3 августа. У колючих дикобразов родилась тройня. На папу с мамой смотреть страшно: зубами скрипят, ногами топочут, иголкаками тарахтят! Вот так они разволновались. Как две сердитые вязанки хвороста, как два взъерошенных снопа тростника, как два мотка колючей проволоки! Тридцать тысяч иголок – и все дыбом! Ногой боязно тронуть!
А дикобразики – вполне симпатичные тюфячки. Иголки мягонькие, короткие, плотно приглаженные. Глаза – черные капельки. Мама их забавляет, колючим хвостом гремит, как погремушкой, а папа хрюкает на разные голоса. Одна беда: малышей трое, а сосков у дикобразихи всего два! И потому в каждый обед у малышей потасовка. Но после обеда все мирно лежат вверх животами. Так и хочется эти животы пощекотать пальцем.
ПАНЦИРНЫЙ ГЕККОНЧИК. Вот послушайте, что говорят об этом геккончике знатоки: «Экология совершенно неизвестна. О местообитании и образе жизни сведений нет». И поймано до сих пор всего-навсего пятнадцать геккончиков. Ловили их на берегах Аму-Дарьи и Сыр-Дарьи у Ташкента.

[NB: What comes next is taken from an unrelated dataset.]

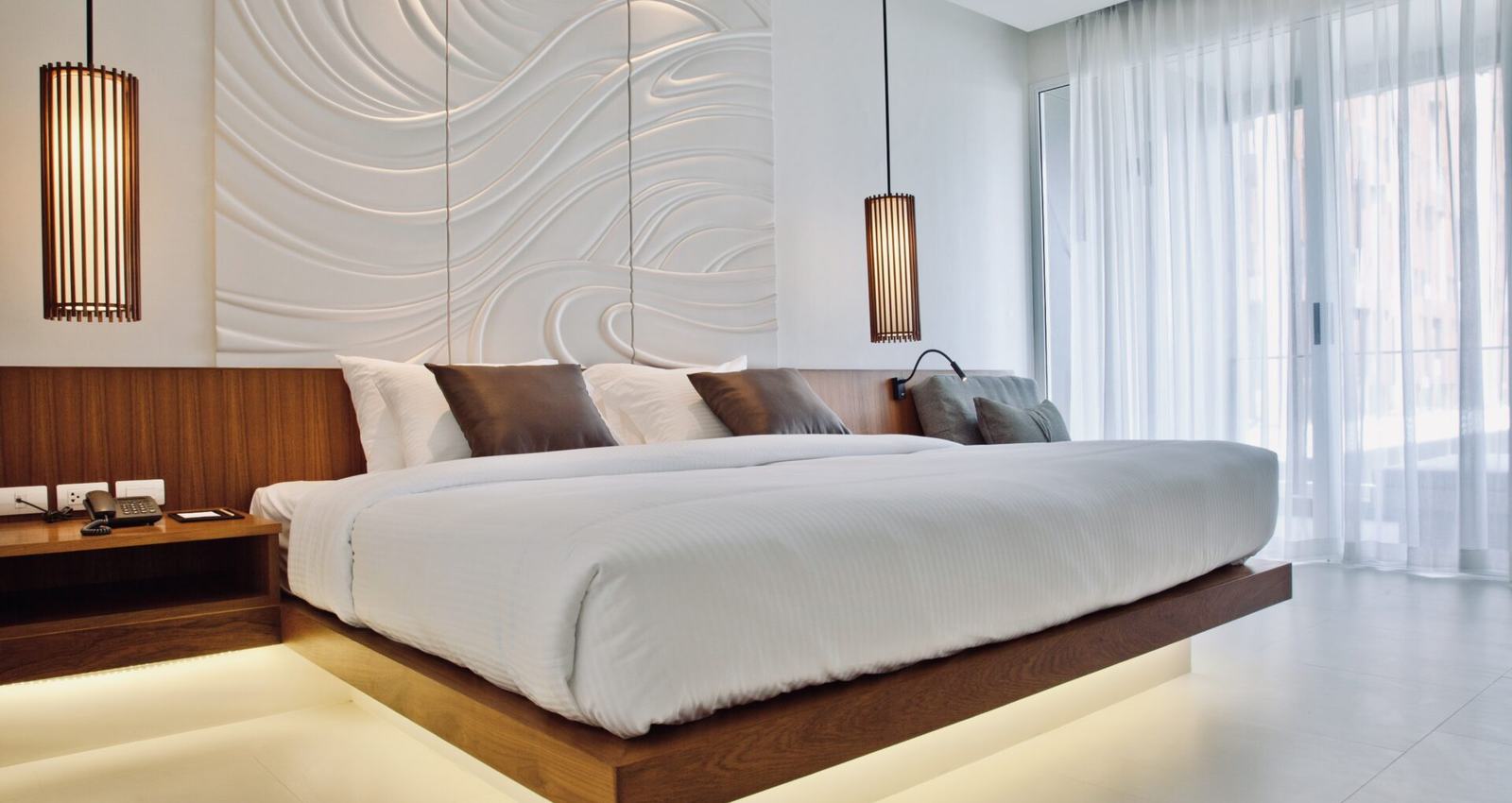 G Hua Hin hôtel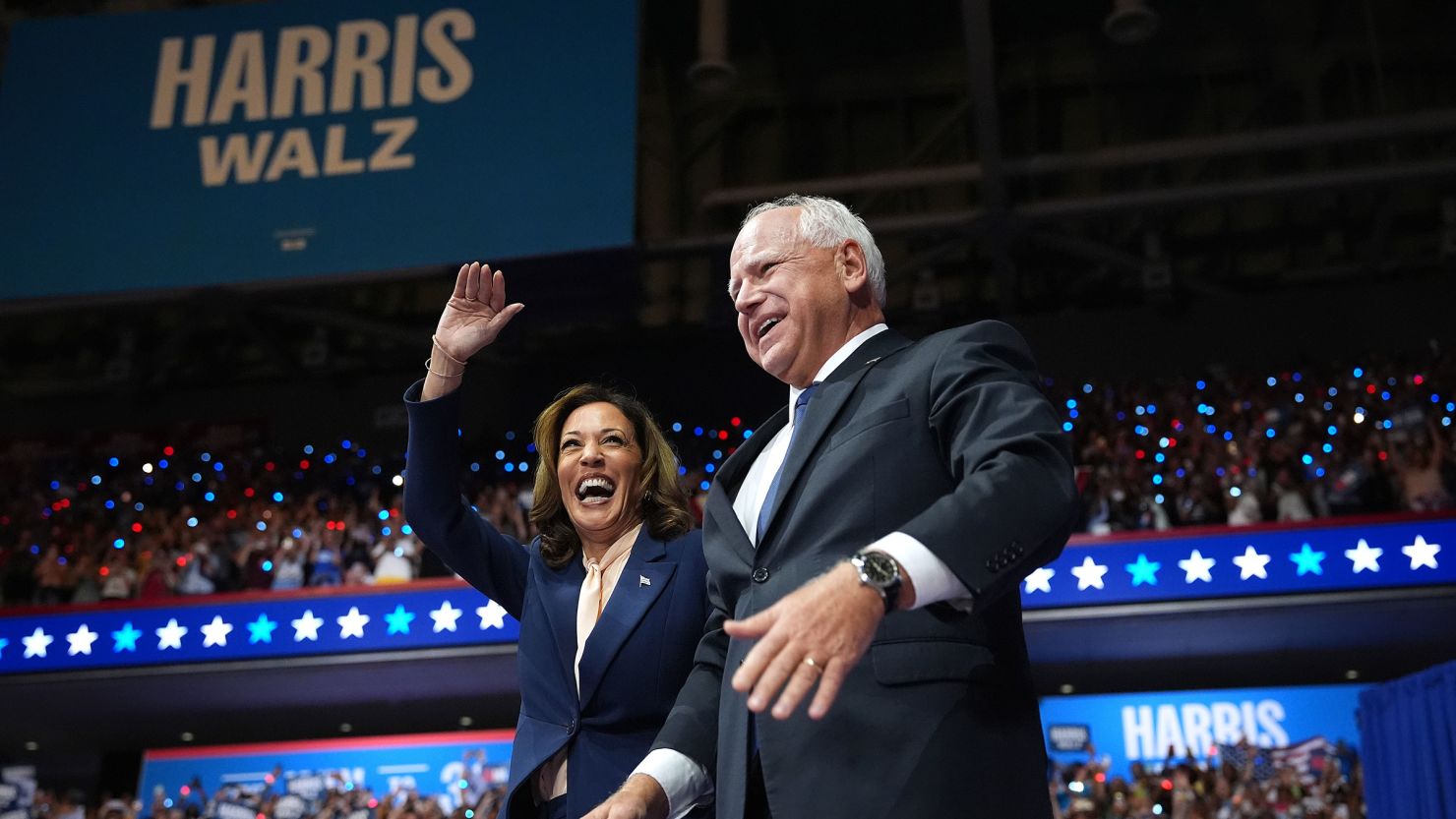 Will Kamala Harris Run For President? Analyzing Her Political Future Will Kamala Harris Run For President? Analyzing Her Political Future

ЯЩЕРИЦА ПУСТЫННЫЙ ГОЛОГЛАЗ. «Данных об образе жизни этого вида нет». А ведь живет он на большой территории: от Аральского моря до озера Иссык-Куль. Многие юннаты его могут найти, постараться надо, конечно.
КОРОТКОНОГАЯ ЗМЕЕЯЩЕРИЦА. «Экология неизвестна». «Один раз была добыта у селения Пул-и-хатун в Туркмении». Всего один раз! Выходит, что даже простая находка этой ящерицы уже целое событие.
ЗМЕЯ ОЛИГОДОН ИЗМЕНЧИВЫЙ. «Известен лишь по одному экземпляру, добытому в Копет-Даге». Понятно, что о повадках этой змеи никто ничего не знает. Где живет, чем питается, куда прячется зимой? Тайна.
АГАМА ХОРОСАНСКАЯ. «Экология почти неизвестна». А ведь это крупная и заметная ящерица. И охотится она не ночью, а днем. И любит греться на видных местах. Нужно, наверное, только постарательнее ее поискать.
Кто что умеет?
ТОНКОПАЛЫЙ СУСЛИК может бегать по раскаленному до 66° песку. И может учуять луковичку тюльпана сквозь песок.
БАРХАННЫЙ КОТ может без вреда для себя есть скорпионов, фаланг и тарантулов.
ЕЖ может выдержать 40 смертельных для морской свинки доз змеиного яда.
ПУСТЫННЫЙ СОРОКОПУТ умеет вялить на солнце ящерок, жуков, саранчу, птичек.
ПУСТЫННЫЙ КОЗОДОЙ может целиком глотать больших твердокаменных жуков. А потом еще глотает и камешки. Камни, как жернова, перетирают в желудке жуков. Клин вышибает клином!
ЗЕМЛЯНЫЕ ЗАЙЧИКИ могут в закупоренной норе, глубоко под землей, точно угадывать, что наверху уже зашло солнце. Через полчаса после заката они разом, как по команде, вдруг начинают «раскупориваться» и вылезать из норок.